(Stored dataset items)
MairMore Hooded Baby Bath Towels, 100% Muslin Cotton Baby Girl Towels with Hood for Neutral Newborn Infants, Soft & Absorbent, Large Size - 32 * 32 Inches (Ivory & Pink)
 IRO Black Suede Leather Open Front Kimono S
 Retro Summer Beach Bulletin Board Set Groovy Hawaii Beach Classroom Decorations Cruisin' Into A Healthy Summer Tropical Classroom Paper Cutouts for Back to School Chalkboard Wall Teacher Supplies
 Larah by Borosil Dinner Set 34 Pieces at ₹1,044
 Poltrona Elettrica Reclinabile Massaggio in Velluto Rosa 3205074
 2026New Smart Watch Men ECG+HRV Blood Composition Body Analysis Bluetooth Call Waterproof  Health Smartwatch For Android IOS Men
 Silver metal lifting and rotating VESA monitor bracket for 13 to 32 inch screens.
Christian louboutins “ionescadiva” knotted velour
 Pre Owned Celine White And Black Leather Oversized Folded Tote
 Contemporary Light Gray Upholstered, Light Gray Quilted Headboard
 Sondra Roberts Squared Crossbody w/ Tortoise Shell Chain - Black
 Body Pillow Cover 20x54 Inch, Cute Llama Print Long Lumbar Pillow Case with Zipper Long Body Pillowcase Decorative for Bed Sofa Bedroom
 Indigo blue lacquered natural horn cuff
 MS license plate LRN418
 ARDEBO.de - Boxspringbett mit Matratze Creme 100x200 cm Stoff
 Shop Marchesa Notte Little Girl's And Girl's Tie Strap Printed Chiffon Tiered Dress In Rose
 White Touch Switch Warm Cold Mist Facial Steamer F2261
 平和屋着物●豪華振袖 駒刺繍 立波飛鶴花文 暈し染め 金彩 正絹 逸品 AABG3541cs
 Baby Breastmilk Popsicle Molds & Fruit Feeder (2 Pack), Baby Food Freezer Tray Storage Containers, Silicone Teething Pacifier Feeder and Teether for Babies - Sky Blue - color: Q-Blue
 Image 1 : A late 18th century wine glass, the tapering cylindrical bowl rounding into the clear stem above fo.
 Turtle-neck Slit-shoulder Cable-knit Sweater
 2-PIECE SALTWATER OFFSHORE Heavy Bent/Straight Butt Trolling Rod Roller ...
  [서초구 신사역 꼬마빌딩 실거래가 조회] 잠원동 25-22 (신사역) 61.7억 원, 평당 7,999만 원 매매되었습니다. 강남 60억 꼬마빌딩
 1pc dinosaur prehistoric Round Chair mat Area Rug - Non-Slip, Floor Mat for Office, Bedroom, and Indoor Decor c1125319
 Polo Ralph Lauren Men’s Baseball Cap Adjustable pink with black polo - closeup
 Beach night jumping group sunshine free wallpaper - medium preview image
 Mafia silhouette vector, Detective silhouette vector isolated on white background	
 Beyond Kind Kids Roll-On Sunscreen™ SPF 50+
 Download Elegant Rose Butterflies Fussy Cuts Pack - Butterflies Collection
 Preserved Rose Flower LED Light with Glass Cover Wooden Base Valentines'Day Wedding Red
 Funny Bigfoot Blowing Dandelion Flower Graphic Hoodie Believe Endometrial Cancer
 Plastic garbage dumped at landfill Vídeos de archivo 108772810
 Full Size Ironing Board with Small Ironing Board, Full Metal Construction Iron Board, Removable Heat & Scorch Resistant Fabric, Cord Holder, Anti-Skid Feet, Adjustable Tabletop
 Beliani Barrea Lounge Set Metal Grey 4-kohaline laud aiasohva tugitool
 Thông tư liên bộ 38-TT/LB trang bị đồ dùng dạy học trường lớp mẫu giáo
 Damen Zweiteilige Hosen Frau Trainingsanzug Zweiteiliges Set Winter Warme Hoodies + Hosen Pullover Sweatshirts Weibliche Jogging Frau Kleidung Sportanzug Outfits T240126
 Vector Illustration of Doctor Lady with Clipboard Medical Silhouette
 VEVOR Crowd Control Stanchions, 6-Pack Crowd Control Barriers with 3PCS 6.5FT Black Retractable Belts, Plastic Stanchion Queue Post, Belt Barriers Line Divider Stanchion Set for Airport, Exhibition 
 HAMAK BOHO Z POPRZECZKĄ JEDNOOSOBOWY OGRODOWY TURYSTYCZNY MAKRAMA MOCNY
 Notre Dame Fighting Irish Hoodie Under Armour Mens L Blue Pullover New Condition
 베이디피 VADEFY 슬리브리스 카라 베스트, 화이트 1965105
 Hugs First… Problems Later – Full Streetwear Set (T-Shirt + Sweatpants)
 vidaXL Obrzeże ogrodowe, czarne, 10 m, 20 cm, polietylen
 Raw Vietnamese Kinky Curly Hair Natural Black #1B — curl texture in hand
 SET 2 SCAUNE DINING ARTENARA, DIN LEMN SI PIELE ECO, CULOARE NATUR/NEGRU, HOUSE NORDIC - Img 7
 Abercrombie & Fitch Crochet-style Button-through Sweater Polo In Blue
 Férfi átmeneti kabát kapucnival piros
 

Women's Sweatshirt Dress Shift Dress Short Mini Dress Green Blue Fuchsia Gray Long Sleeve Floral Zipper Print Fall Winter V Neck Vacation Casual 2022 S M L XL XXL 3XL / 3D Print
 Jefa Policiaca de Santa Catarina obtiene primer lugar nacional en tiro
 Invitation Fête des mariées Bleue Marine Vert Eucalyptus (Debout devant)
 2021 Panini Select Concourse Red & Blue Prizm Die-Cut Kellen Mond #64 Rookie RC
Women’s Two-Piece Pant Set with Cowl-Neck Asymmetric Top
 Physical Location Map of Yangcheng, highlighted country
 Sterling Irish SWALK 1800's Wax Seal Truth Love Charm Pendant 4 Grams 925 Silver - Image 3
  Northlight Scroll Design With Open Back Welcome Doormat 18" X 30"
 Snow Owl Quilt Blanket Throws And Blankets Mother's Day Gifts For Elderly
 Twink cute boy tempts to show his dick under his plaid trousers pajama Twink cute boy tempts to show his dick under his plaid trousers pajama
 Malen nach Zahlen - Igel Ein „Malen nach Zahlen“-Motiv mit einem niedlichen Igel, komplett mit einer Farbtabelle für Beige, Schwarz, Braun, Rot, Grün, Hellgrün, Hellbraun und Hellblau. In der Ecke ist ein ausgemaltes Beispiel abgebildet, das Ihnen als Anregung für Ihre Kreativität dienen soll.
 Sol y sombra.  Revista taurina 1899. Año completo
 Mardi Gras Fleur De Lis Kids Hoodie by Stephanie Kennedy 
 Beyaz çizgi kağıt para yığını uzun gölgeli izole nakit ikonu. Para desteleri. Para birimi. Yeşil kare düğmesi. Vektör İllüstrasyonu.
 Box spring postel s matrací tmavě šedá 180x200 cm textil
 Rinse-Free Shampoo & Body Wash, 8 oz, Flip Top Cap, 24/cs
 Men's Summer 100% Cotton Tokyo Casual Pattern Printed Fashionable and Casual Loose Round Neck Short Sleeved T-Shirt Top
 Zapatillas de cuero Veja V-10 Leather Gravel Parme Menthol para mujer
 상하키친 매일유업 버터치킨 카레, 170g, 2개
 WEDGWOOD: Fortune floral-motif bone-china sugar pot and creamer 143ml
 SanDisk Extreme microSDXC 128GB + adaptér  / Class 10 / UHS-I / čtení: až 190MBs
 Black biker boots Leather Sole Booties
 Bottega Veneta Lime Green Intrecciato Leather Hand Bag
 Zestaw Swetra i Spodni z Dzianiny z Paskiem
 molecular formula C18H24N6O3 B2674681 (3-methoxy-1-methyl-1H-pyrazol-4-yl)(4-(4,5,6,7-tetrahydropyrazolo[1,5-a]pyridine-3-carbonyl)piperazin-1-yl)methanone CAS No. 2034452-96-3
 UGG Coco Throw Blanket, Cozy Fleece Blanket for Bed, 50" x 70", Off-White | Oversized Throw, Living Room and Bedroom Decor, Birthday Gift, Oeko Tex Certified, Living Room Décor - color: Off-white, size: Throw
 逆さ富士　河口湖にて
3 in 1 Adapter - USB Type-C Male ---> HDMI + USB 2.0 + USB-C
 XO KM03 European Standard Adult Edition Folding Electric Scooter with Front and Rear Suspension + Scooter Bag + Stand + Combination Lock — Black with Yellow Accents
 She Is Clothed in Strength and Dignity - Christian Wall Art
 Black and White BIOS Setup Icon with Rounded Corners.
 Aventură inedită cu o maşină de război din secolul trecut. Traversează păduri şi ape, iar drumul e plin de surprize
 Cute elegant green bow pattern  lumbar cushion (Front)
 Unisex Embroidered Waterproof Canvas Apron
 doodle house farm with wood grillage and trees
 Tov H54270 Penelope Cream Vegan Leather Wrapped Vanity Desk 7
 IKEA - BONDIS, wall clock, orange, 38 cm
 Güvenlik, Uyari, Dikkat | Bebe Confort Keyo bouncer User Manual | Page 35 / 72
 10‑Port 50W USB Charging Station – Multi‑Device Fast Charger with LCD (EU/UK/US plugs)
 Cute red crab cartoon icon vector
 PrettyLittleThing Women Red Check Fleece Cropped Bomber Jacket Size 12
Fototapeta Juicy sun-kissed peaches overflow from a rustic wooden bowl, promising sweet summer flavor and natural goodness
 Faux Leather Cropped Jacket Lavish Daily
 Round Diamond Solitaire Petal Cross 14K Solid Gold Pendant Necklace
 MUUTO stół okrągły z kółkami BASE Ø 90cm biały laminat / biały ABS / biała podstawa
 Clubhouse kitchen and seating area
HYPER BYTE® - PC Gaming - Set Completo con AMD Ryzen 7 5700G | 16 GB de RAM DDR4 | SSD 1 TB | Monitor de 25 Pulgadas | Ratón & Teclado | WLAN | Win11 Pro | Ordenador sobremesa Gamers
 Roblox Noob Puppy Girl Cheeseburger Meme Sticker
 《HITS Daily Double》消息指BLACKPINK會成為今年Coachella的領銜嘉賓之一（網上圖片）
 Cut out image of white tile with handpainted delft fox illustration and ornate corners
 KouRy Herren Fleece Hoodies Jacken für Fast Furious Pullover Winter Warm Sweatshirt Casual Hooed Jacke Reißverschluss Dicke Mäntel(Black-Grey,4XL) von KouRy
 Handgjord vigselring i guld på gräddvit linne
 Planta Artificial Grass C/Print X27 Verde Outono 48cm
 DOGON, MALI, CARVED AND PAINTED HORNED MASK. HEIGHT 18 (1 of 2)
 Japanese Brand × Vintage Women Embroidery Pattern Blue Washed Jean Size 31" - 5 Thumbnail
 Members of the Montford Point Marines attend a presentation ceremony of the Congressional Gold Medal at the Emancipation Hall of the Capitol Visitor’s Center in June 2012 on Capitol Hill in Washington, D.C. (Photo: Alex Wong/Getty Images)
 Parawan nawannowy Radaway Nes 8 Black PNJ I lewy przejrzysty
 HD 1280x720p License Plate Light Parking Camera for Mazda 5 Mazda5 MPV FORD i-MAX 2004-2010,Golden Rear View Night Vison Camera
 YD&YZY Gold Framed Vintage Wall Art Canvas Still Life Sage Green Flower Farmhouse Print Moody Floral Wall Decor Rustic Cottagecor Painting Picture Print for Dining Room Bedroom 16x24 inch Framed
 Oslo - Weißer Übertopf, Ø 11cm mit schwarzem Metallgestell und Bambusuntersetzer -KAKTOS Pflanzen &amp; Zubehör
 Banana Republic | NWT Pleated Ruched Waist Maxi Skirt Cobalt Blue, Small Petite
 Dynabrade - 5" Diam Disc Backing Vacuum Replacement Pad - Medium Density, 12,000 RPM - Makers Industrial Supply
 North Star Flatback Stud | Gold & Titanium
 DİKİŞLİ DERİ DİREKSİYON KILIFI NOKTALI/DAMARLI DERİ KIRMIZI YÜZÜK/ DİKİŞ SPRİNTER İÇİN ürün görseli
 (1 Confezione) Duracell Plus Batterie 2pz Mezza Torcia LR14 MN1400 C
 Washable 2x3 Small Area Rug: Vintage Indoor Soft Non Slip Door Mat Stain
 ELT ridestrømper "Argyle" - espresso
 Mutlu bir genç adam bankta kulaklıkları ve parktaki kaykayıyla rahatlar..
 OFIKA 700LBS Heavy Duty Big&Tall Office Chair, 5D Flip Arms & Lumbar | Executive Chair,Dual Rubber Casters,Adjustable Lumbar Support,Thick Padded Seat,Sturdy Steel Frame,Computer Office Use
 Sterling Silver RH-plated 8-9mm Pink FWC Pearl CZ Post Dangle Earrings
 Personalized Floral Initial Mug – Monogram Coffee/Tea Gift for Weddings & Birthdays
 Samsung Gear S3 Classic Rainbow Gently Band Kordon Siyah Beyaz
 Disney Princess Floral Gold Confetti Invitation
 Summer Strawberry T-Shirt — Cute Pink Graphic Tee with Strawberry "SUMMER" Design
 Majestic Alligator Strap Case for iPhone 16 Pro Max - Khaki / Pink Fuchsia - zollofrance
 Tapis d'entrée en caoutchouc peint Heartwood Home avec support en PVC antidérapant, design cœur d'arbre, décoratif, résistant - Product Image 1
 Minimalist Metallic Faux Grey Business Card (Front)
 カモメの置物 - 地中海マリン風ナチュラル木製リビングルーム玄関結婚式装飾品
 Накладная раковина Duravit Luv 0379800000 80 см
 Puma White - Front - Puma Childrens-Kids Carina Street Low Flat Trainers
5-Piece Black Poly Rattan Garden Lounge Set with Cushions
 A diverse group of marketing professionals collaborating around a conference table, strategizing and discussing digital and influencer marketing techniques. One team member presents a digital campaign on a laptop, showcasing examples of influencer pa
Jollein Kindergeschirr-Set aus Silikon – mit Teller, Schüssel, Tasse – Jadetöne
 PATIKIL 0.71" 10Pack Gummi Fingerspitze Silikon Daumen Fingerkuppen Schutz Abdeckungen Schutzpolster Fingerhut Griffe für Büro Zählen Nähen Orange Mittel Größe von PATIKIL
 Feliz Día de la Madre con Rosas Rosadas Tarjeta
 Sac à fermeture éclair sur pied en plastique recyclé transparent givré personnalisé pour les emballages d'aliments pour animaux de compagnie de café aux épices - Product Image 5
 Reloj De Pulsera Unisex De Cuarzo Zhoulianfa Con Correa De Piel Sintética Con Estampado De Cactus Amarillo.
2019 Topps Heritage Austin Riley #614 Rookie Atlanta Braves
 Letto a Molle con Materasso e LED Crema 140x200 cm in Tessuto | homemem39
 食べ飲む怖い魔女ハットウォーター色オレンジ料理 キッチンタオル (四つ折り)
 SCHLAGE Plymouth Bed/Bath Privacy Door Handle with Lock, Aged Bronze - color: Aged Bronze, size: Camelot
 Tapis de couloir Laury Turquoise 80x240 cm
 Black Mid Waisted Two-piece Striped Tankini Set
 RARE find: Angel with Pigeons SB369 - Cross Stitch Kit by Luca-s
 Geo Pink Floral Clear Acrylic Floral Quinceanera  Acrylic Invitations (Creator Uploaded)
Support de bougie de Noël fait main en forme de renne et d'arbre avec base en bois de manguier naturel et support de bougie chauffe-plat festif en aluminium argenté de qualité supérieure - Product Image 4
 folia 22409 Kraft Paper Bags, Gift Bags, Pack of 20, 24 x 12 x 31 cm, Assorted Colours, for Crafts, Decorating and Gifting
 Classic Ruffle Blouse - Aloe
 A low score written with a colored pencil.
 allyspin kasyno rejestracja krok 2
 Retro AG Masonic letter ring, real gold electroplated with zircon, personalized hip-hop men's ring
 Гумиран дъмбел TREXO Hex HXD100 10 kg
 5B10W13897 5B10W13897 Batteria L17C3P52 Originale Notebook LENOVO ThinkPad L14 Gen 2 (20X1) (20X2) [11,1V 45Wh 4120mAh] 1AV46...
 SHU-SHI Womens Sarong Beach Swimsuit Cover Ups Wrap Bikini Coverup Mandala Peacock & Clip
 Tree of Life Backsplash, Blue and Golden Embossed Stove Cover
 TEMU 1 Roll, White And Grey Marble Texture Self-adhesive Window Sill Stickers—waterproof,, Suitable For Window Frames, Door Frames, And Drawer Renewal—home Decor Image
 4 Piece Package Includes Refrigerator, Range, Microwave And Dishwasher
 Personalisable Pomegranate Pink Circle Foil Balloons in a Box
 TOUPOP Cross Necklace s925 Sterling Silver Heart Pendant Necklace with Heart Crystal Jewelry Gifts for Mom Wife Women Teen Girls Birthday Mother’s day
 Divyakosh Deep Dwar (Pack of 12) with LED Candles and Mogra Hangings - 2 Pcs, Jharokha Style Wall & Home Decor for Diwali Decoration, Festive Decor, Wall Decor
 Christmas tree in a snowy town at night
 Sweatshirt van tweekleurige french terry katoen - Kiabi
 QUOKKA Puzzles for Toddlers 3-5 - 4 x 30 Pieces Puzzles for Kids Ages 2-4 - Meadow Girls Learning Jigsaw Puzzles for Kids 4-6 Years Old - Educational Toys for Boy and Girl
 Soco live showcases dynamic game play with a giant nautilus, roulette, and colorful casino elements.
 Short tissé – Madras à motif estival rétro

- [Description of the task]
Write out word for word only the lines from the start of the entries down to the line with "Retro Summer Beach", please, including both ends.

- [Completed task]
MairMore Hooded Baby Bath Towels, 100% Muslin Cotton Baby Girl Towels with Hood for Neutral Newborn Infants, Soft & Absorbent, Large Size - 32 * 32 Inches (Ivory & Pink)
 IRO Black Suede Leather Open Front Kimono S
 Retro Summer Beach Bulletin Board Set Groovy Hawaii Beach Classroom Decorations Cruisin' Into A Healthy Summer Tropical Classroom Paper Cutouts for Back to School Chalkboard Wall Teacher Supplies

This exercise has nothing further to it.